Design Days Dubai 2016: Rita Parniczky’s textiles lay their threads bare

Textile artist Rita Parniczky is thoroughly trained in the fine arts. In her native Hungary, she studied porcelain painting before moving to London and receiving an Arts Foundation fellowship and earning admission to Central Saint Martins.
Throughout these programs, Parniczky gravitated toward materials at their most elementary. She wanted to assemble the clothes, not sketch them–and she wanted to see between their threads. This interest in the skeleton of things would become her central focus: the journey into a cohesive artistic practice began with a single yarn.
Now, Parniczky is known for her semi-translucent ‘X-Ray’ tapestries. Using clear nylon monofilament and a technique she developed while still at Central Saint Martins, Parniczky creates textiles that lay their own weave bare once backlit.
Working with high profile clients like the Victoria & Albert museum, the designer uses her drawing background to create detailed patterns of the textiles to come. Although, she explains, ‘it’s important to let some things happen on the loom.’
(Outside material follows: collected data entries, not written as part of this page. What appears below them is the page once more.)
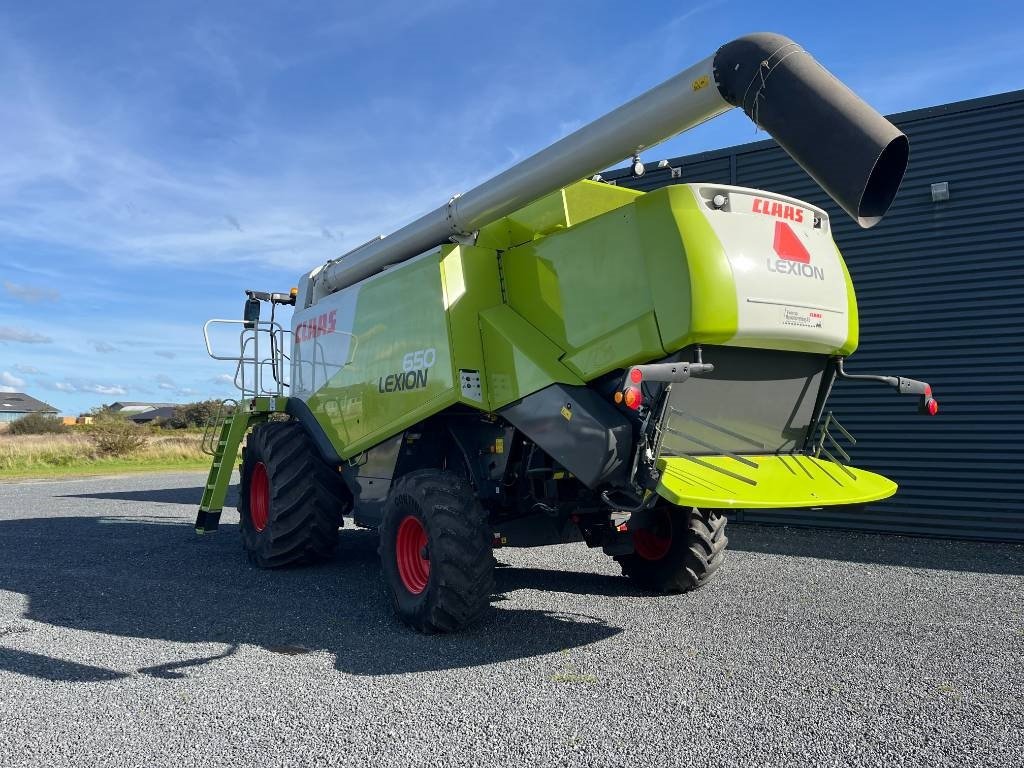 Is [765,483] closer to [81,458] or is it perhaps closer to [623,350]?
[623,350]

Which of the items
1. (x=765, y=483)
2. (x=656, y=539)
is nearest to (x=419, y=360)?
(x=656, y=539)

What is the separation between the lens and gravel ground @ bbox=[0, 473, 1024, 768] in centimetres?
343

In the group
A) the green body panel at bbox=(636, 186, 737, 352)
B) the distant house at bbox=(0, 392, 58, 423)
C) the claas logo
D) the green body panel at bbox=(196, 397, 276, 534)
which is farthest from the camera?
the distant house at bbox=(0, 392, 58, 423)

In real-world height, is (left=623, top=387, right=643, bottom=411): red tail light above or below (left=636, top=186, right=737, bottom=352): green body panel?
below

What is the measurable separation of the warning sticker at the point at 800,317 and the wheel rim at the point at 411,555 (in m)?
2.78

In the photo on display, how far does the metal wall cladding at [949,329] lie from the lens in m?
9.16

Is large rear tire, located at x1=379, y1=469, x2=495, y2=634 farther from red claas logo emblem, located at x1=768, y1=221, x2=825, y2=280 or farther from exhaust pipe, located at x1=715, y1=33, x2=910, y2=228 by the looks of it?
exhaust pipe, located at x1=715, y1=33, x2=910, y2=228

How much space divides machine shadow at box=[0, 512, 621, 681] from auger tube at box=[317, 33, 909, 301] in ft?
9.86

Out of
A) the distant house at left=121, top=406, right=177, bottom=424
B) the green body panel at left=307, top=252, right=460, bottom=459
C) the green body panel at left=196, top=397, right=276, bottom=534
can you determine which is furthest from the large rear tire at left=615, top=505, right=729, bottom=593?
the distant house at left=121, top=406, right=177, bottom=424

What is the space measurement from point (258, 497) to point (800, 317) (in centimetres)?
566

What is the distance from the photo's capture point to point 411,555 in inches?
224

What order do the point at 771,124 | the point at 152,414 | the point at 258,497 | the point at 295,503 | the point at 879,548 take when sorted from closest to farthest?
the point at 771,124 < the point at 295,503 < the point at 258,497 < the point at 879,548 < the point at 152,414

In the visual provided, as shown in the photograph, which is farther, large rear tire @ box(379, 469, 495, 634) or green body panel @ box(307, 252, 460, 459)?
green body panel @ box(307, 252, 460, 459)

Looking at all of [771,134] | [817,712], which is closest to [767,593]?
[817,712] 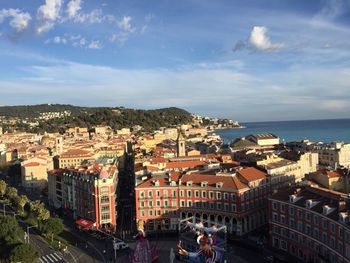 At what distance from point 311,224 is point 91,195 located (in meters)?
28.9

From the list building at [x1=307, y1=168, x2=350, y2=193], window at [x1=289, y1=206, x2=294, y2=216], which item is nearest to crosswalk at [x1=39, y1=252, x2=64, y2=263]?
window at [x1=289, y1=206, x2=294, y2=216]

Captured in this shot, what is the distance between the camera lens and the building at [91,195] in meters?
57.1

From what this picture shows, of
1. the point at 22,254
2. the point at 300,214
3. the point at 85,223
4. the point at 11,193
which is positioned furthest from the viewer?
the point at 11,193

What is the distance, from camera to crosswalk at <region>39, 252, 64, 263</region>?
1869 inches

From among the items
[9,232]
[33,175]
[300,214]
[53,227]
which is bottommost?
[53,227]

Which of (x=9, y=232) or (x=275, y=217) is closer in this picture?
(x=9, y=232)

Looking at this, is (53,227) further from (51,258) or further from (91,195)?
(91,195)

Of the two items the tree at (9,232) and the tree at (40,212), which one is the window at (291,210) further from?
the tree at (40,212)

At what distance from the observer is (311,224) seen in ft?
139

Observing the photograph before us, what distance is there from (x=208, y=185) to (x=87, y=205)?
17092 millimetres

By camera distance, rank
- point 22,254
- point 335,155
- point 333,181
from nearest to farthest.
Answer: point 22,254
point 333,181
point 335,155

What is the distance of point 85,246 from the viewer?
169 feet

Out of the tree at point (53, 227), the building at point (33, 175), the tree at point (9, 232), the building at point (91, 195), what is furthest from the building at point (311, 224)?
the building at point (33, 175)

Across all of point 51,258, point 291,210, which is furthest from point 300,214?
point 51,258
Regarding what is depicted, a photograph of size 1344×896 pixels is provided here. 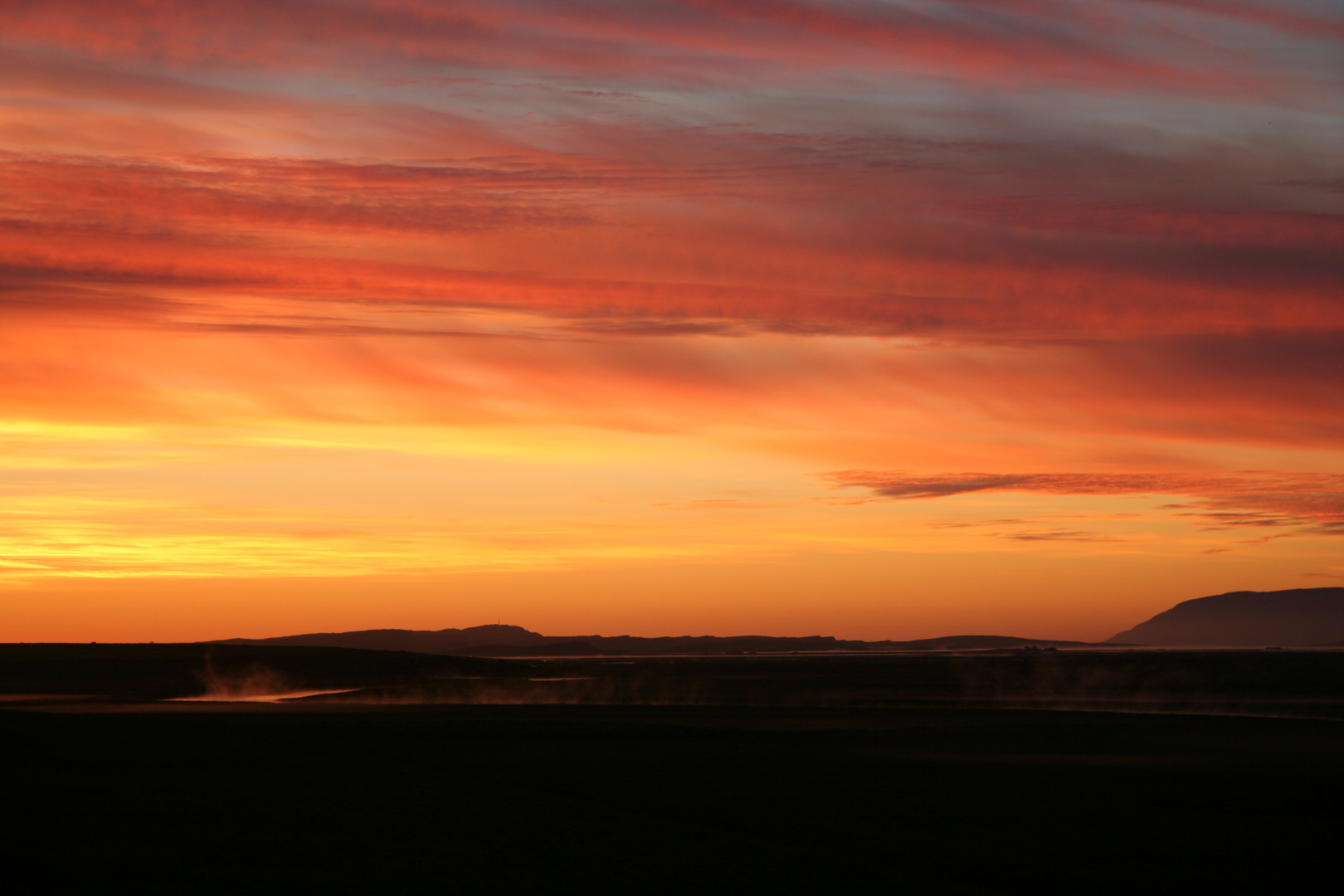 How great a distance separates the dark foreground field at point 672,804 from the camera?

At Design Days Dubai 2016, she exhibited one piece of her three-part X-Ray Vault Series II and another piece from the X-Ray Crystal Series through the UK's Craft Council. In her ‘X-Ray Vault Series,’ Parniczky was inspired by the fan vaulting seen in Gothic cathedrals. Memories of her childhood countryside give her a nuanced understanding of shadow and light. In her work, one sees the eye of both an architect and a cartographer.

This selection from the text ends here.